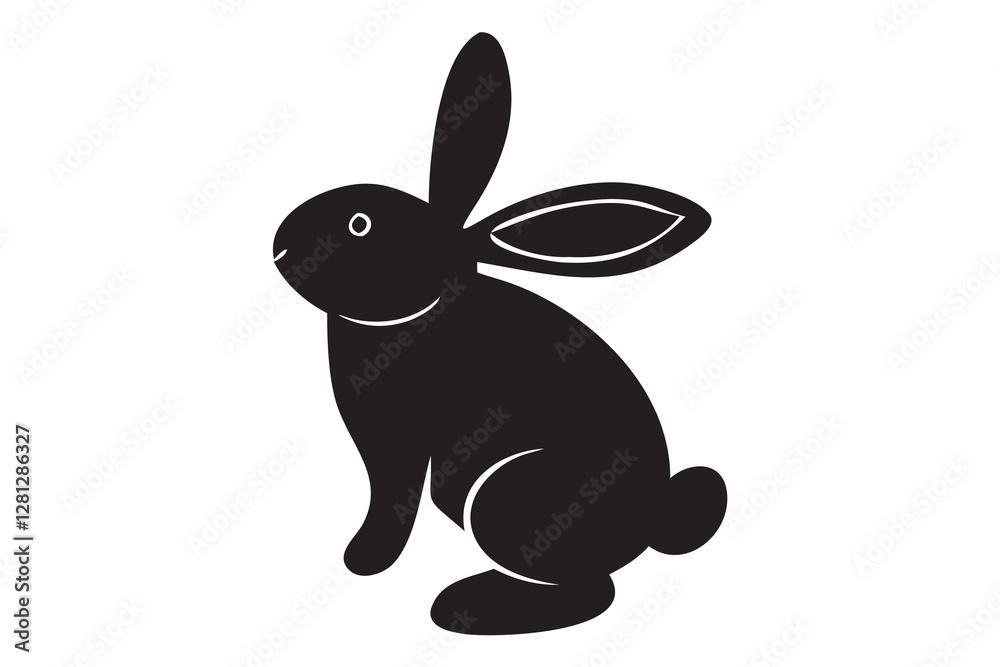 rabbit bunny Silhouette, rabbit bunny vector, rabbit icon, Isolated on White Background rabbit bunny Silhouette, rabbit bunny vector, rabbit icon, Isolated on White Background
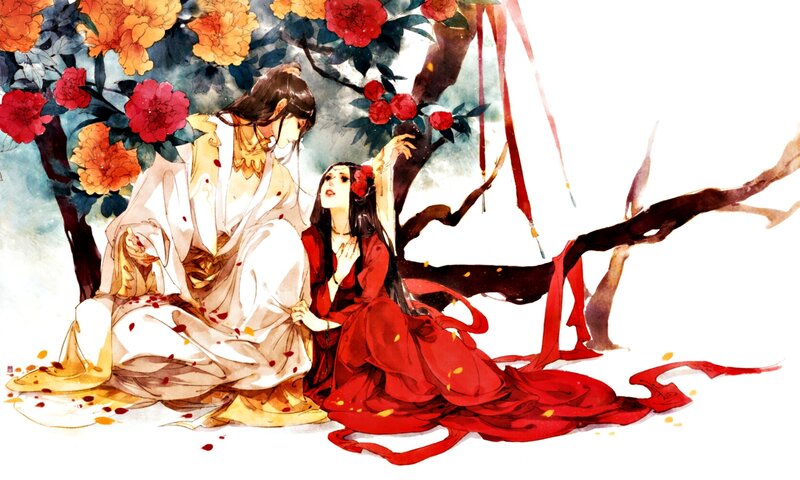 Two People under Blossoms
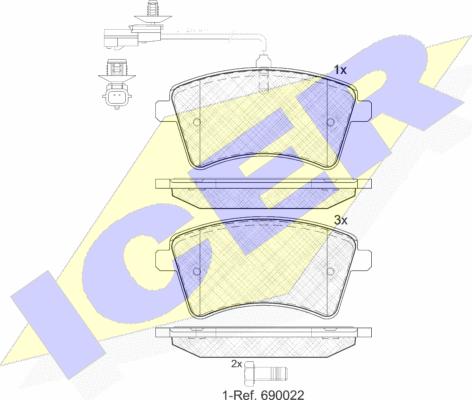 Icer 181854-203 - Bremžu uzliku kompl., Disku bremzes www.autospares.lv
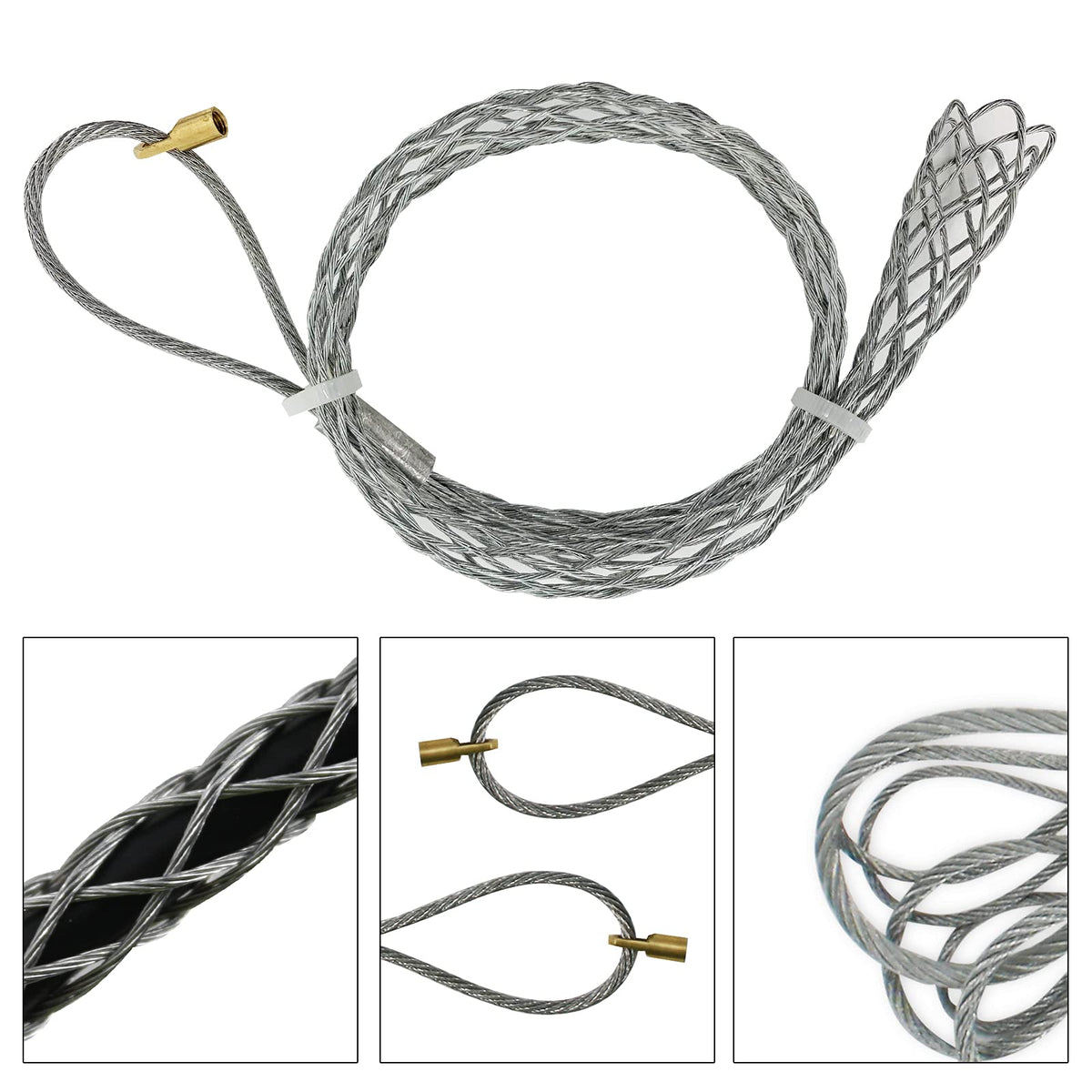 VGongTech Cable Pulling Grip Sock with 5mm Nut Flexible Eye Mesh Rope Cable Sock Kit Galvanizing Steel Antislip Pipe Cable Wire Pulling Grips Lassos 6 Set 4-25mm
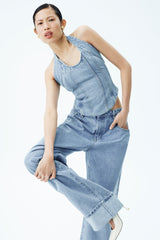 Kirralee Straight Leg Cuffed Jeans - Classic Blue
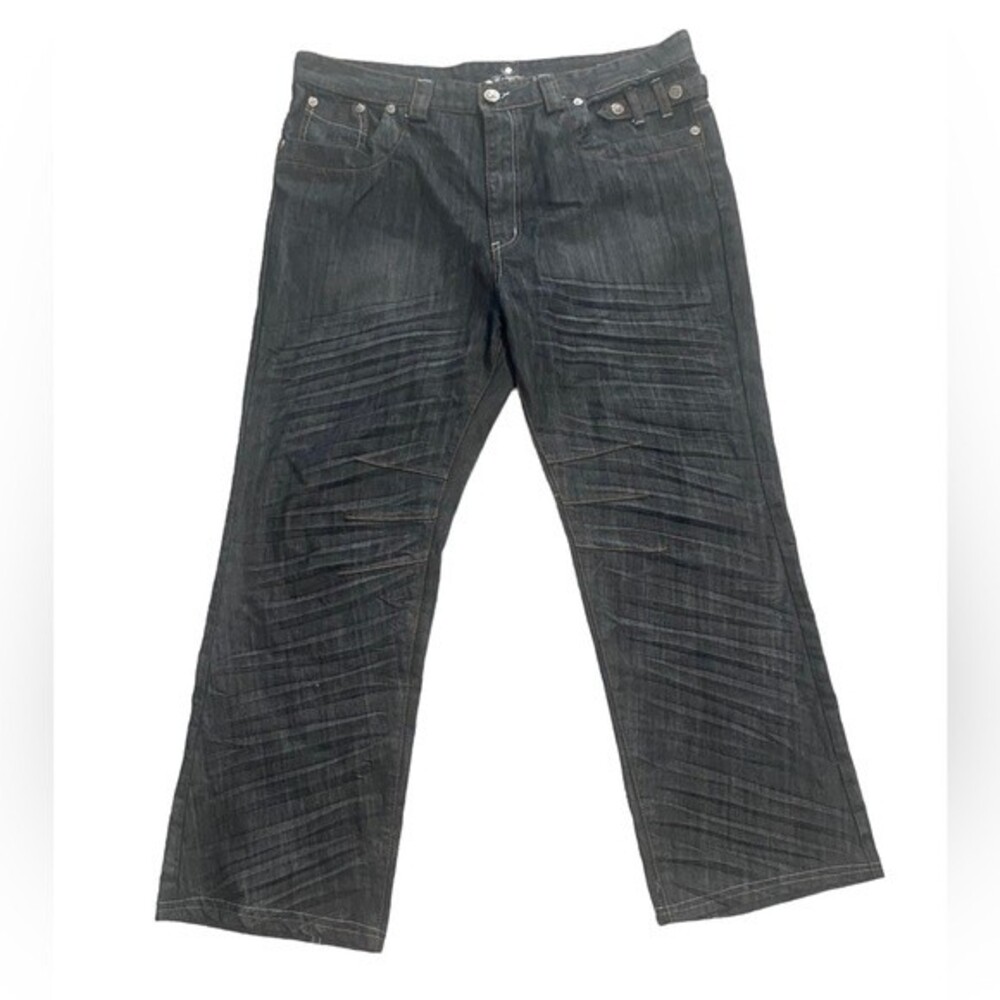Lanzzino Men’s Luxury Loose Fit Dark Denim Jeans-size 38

—————

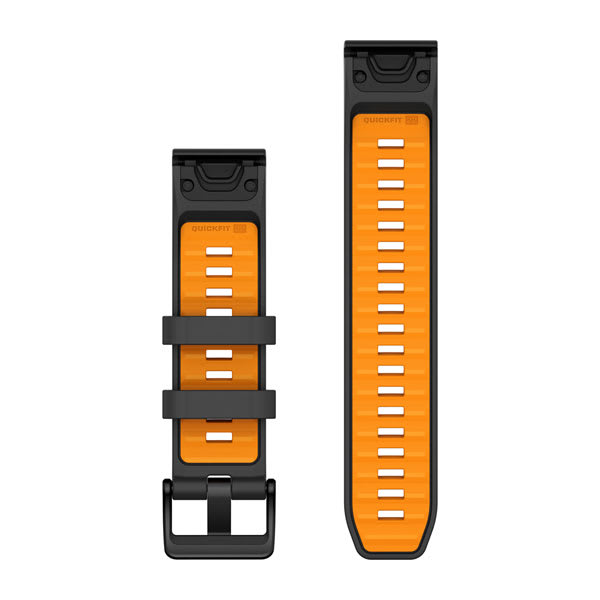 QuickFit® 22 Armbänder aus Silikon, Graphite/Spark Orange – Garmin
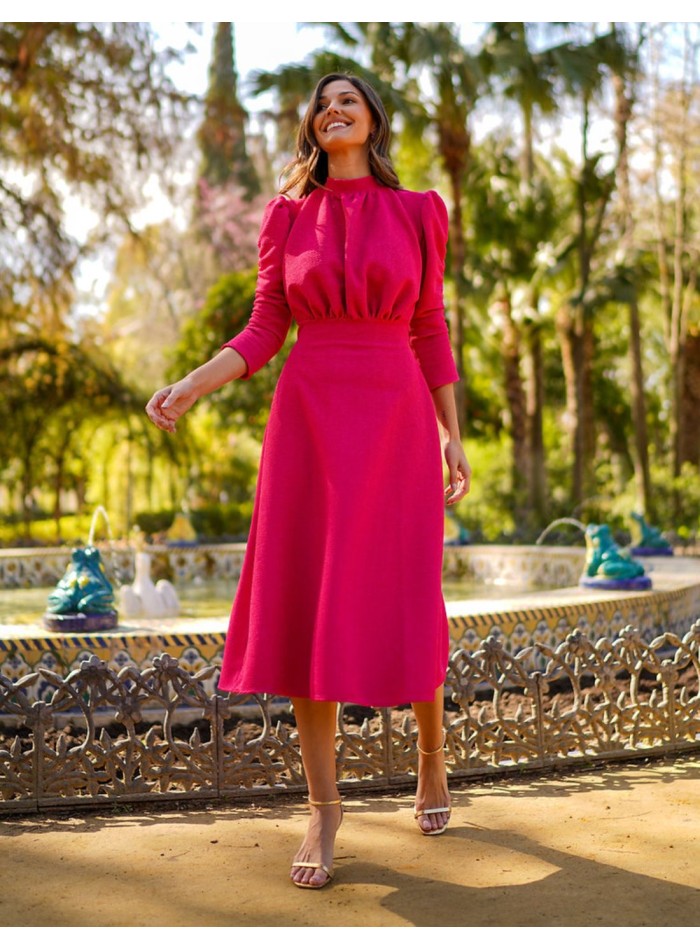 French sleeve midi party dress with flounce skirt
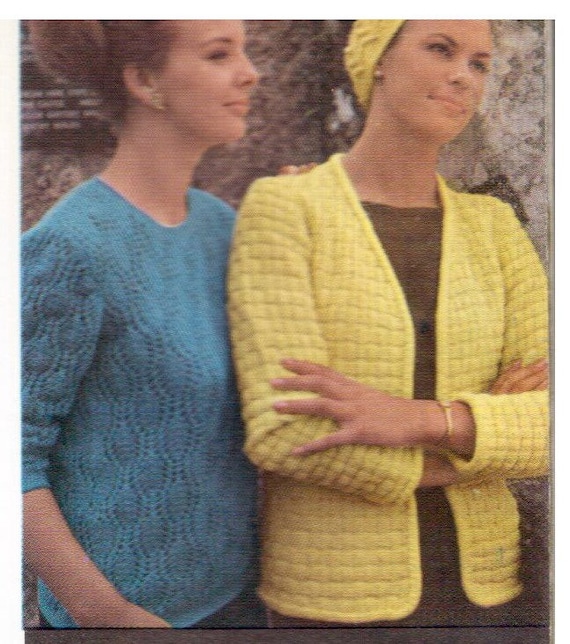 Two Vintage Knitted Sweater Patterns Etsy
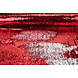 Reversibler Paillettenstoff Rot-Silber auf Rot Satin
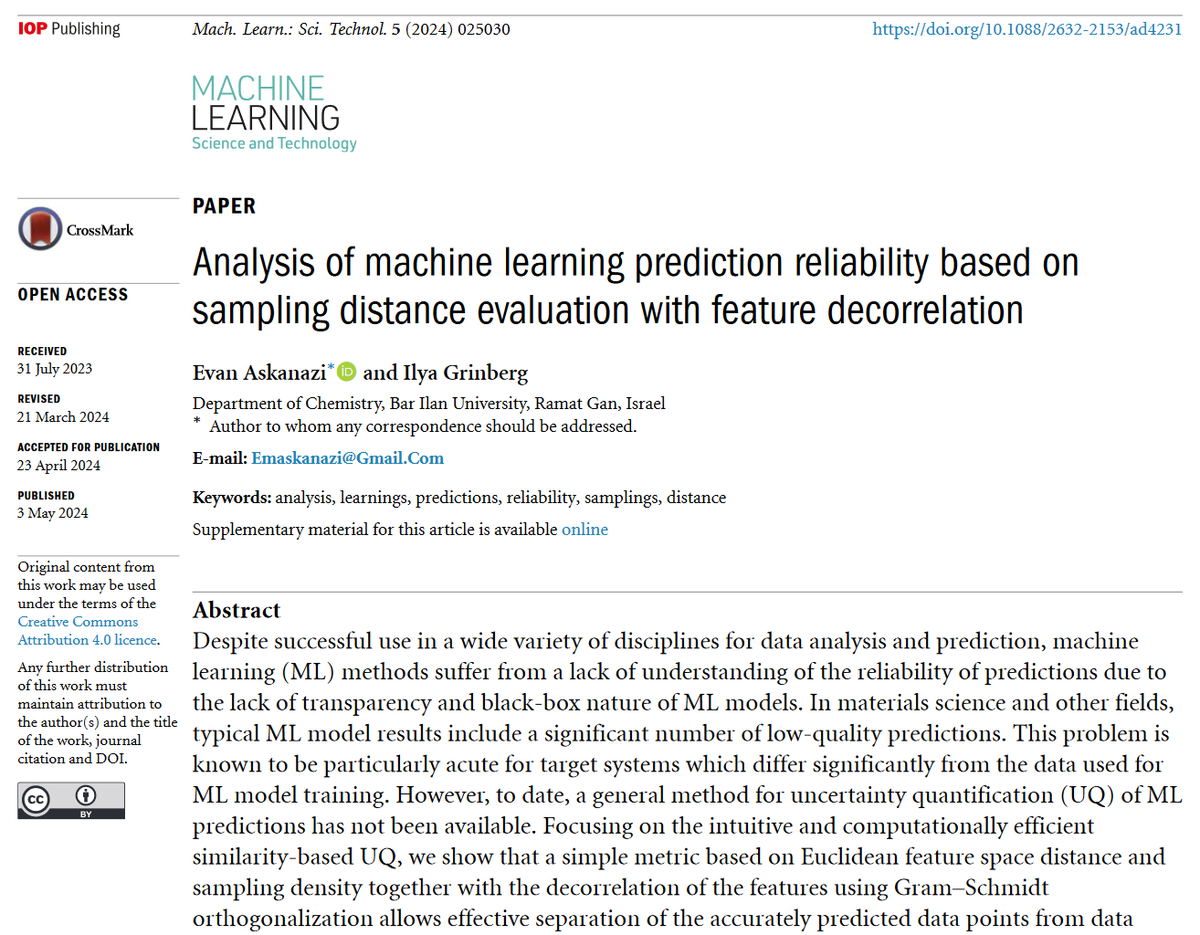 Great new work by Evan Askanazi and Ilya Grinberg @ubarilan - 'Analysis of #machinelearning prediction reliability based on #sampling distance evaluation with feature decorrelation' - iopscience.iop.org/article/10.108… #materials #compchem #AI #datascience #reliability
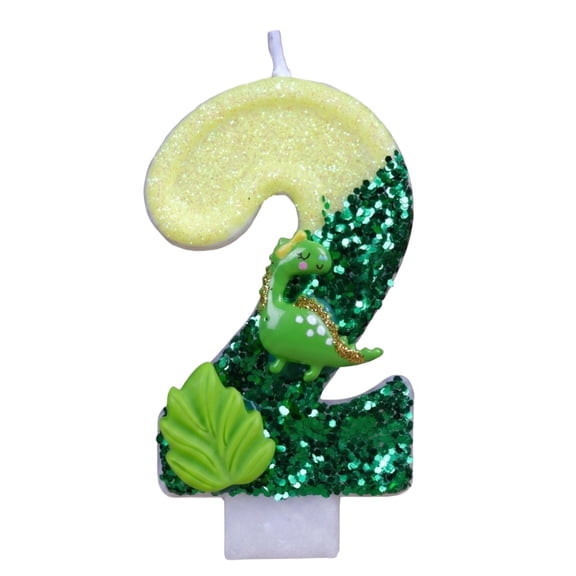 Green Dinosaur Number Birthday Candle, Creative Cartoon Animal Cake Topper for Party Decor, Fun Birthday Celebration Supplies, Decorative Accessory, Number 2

—————

Leaving out each picture, repeat exactly the lines above from the one that contains "White Background rabbit" through the one that contains "Kirralee Straight Leg".

 rabbit bunny Silhouette, rabbit bunny vector, rabbit icon, Isolated on White Background rabbit bunny Silhouette, rabbit bunny vector, rabbit icon, Isolated on White Background
 Two People under Blossoms
 Icer 181854-203 - Bremžu uzliku kompl., Disku bremzes www.autospares.lv
 VGongTech Cable Pulling Grip Sock with 5mm Nut Flexible Eye Mesh Rope Cable Sock Kit Galvanizing Steel Antislip Pipe Cable Wire Pulling Grips Lassos 6 Set 4-25mm
 Kirralee Straight Leg Cuffed Jeans - Classic Blue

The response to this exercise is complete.